→ EXTRACTED INFORMATION:
——————

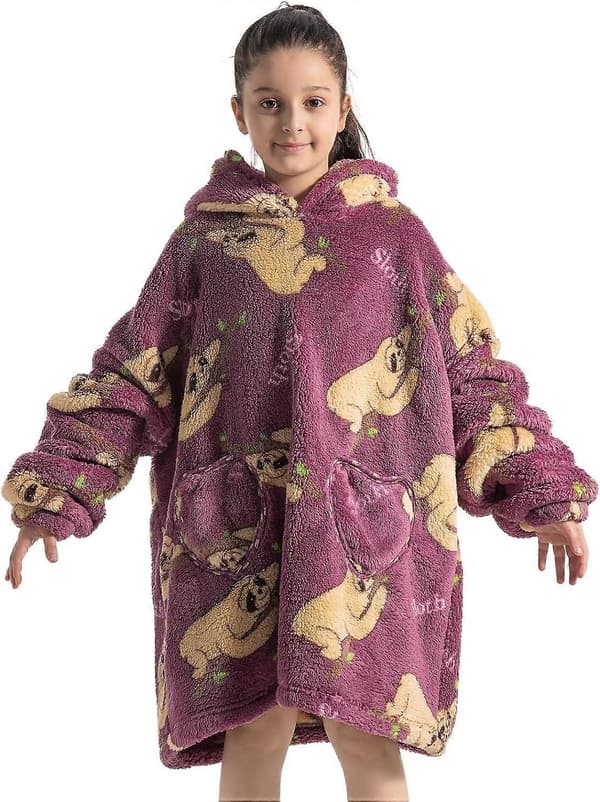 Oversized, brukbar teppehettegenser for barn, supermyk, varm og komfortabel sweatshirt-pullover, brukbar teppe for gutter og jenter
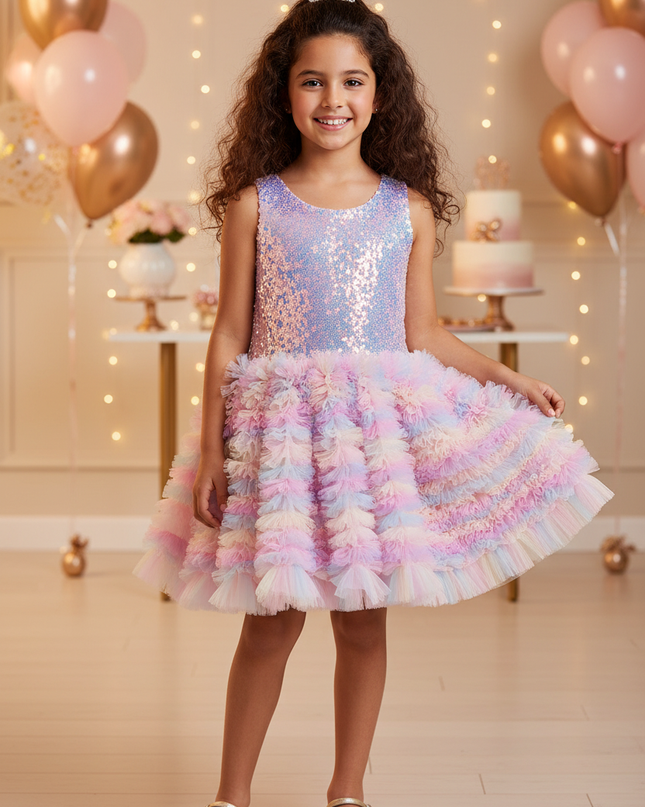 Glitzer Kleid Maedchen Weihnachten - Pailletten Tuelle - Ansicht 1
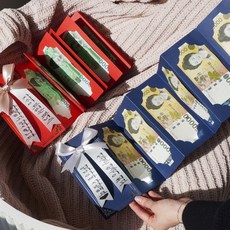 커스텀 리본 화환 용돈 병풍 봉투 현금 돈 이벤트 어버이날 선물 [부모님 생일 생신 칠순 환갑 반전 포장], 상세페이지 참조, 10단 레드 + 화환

——————

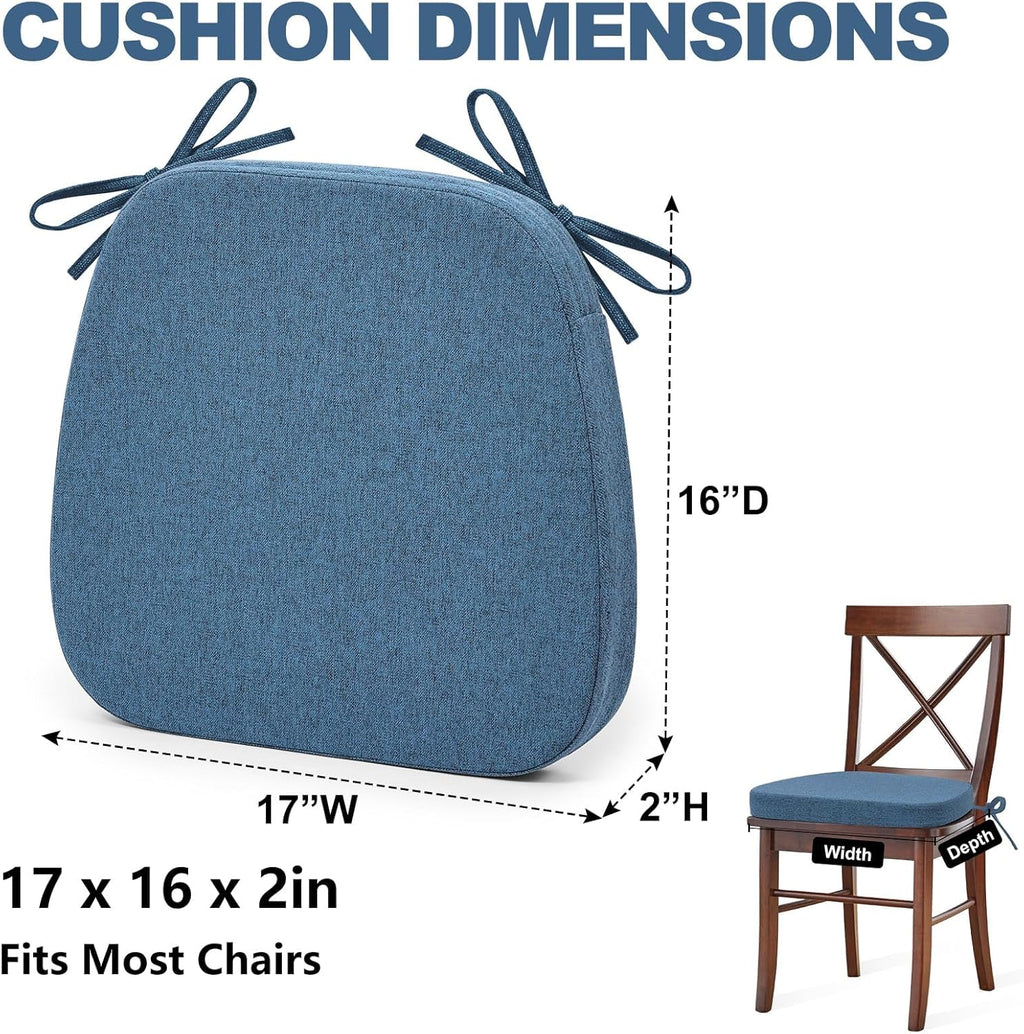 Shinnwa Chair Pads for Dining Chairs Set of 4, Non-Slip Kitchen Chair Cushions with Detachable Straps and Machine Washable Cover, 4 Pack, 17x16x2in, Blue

——————

→ REQUIRED ACTION: Print an exact copy of the lines above, from the one containing "Oversized, brukbar teppehettegenser" through the one containing "커스텀 리본 화환 용돈", and leave out the pictures.

→ RESPONSE BELOW:
 Oversized, brukbar teppehettegenser for barn, supermyk, varm og komfortabel sweatshirt-pullover, brukbar teppe for gutter og jenter
 Glitzer Kleid Maedchen Weihnachten - Pailletten Tuelle - Ansicht 1
 커스텀 리본 화환 용돈 병풍 봉투 현금 돈 이벤트 어버이날 선물 [부모님 생일 생신 칠순 환갑 반전 포장], 상세페이지 참조, 10단 레드 + 화환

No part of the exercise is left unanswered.